The Stars played their home games at Mack Park located on the east side of Detroit, about four miles from downtown, at the southeast corner of Fairview Ave. and Mack Ave. The team was owned by Tenny Blount and led by player-manager Pete Hill.

==Key players==
===Position players===
Center fielder Jimmie Lyons appeared in 59 games and led the team in most batting categories: batting average (.379), on-base percentage (.445), slugging percentage (.595), runs (64), hits (86), and stolen bases (21). His batting average, on-base percentage, and slugging percentage all ranked second in the NNL behind only Cristóbal Torriente. Lyons also led the team with a 9.5 range factor, 92 outfield putouts, and 12 outfield assists.

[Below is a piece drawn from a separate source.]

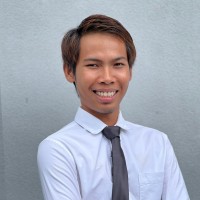 Mohd Qayyum Mayudin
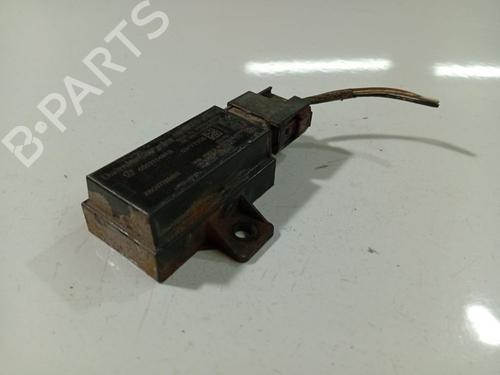 Used Electronic module Electronic module 36827222 36827222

First baseman Edgar Wesley appeared in 64 games and compiled a .287 batting average and a .498 slugging percentage and led the team in both home runs (11) and RBIs (50).

Second baseman Frank Warfield also appeared in 64 games, led the team in plate appearances (296) and ranked second on the team in runs scored (49) and third in hits (71).

Infielder Joe Hewitt appeared in 54 games (22 at shortstop, 16 at second base, and 15 at third base). He had a .201 batting average he had almost as many walks (33) as hits (38), boosting his on-base percentage to .332. He also led the team's infielders with 159 assists.

Player-manager Pete Hill played in center field and appeared in 45 games. He compiled a .281 batting average and a team-leading 38 walks boosted his on-base percentage to .443. Hill was inducted into the Baseball Hall of Fame in 2006.

===Pitchers===
Bill Gatewood led the pitching staff with a 15–5 record and a 2.72 earned run average (ERA). He appeared in 24 games for the Stars, 16 as a starter, and had 11 complete games and 90 strikeouts in 159 innings pitched.

Bill Holland led the team in games (28), starts (19), complete games (13), innings pitched (169), and strikeouts (96). He compiled an 11–6 record and a 2.77 ERA.